Azure Data Fundamentals Flashcards
Data Classification Types
structured, semi-structured, or unstructured
Structured data
1) typically tabular data that is represented by rows and columns in a database.
2) Databases that hold tables in this form are called relational databases
3)
Semi-structured data
1) information that doesn’t reside in a relational database but still has some structure to it.
2) Examples include documents held in JavaScript Object Notation (JSON) format
3) Other forms: key-value stores (similar to a relational table, except that each row can have any number of columns) and graph databases (store and query information about complex relationships. A graph contains nodes (information about objects), and edges (information about the relationships between objects))
unstructured data
audio and video files, and binary data files might not have a specific structure
Storage of structured data
typically stored in a relational database such as SQL Server or Azure SQL Database.
Storage of unstructured data
use Azure Blob storage (Blob is an acronym for Binary Large Object)

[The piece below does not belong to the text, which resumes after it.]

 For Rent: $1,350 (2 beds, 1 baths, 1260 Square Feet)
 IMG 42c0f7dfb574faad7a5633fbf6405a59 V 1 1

Storage of semi-structured data
Azure Cosmos DB
Data processing solutions categories
analytical systems, and transaction processing systems
analytical system
1) designed to support business users who need to query data and gain a big picture view of the information held in a database
2) capturing raw data, and using it to generate insights
3) data ingestion, data transformation, data querying, and data visualization
transactional system
1) records transactions
2) often high-volume, sometimes handling many millions of transactions in a single day. The data being processed has to be accessible very quickly. The work performed by transactional systems is often referred to as Online Transactional Processing (OLTP)
Normalization
1) process of organizing data in a database
end result of the normalization process is that your data is split into a large number of narrow, well-defined tables
Non-relational database
One to many relationships in tables with duplicates
Relational database
Model for holding data. A primary use of relational databases is to handle transaction processing
Transactional database
A transactional database must adhere to the ACID (Atomicity, Consistency, Isolation, Durability) properties to ensure that the database remains consistent while processing transactions.
ACID
1) Atomicity guarantees that each transaction is treated as a single unit, which either succeeds completely, or fails completely.

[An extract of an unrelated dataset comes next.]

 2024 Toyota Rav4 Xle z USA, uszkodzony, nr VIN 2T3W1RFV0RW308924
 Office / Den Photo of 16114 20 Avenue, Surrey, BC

2) Consistency ensures that a transaction can only take the data in the database from one valid state to another.
3) Isolation ensures that concurrent execution of transactions leaves the database in the same state that would have been obtained if the transactions were executed sequentially.
4) Durability guarantees that once a transaction has been committed, it will remain committed even if there’s a system failure such as a power outage or crash.